Gaëtan Thomas, the president and chief executive officer of NB Power, told the legislature's Standing Committee on Crown Corps. on Tuesday the utility will have to make a decision between 2018 and 2020 if work on a new generating station is to begin around 2021.
But it will first have to consult homeowners on the headpond and First Nations and investigate the impact on the environment, including fish habitat, he said.
Thomas said he expects consultations on the hydroelectric dam, located about 20 kilometres northwest of Fredericton, to begin early in 2014, but said he's already hearing from people informally.
"We're actively engaged, so that'll give us some ideas of what the kinds of questions, what the kinds of concerns, that we would make sure to have in our hands when we start the environmental process," he said.
'Lots of issues' to consider
Green Party Leader David Coon said NB Power isn't moving fast enough on the issue.
Although 2018 may seem like a long time from now, Coon said it will arrive sooner than anyone thinks.
"We should be talking about those this decade and not putting those off to the next decade, because it's going to be a major, major decision and there's lots of dimensions to it," he said.
The Green Party has not yet decided whether to support a refurbishment of Mactaquac.
"On the one hand, you don't want to lose that renewable energy from the system at all," said Coon, referring to the carbon-free energy Mactaquac generates.

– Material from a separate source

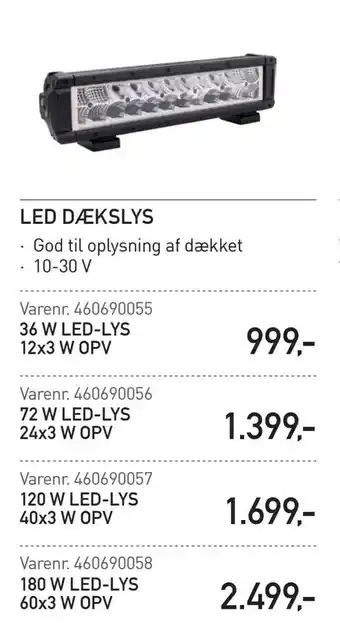 Thansen Led dækslys tilbud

"On the other hand, there are lots of issues with respect to Mactaquac around the health of the St. John River," including the impact on fish, he said.
The party will take a position once it has a chance to hear from New Brunswickers, Coon said.
The cost of either upgrading or decommissioning the Mactaquac facility has been estimated to be between $2 billion and $3 billion.
The Mactaquac dam was built in the mid-1960s and was scheduled to operate for a century. But an ongoing chemical reaction in the concrete of the dam has led to its lifespan being shortened to 67 years, ending in 2030.
The future of the Mactaquac dam became a major public issue in 2010 when the plan to sell NB Power to Hydro-Québec fell apart.
Hydro-Québec indicated the complexity of upgrading the dam was one of the reasons they gave up on the power deal.
Mactaquac is the largest hydroelectric generation station in the Maritimes.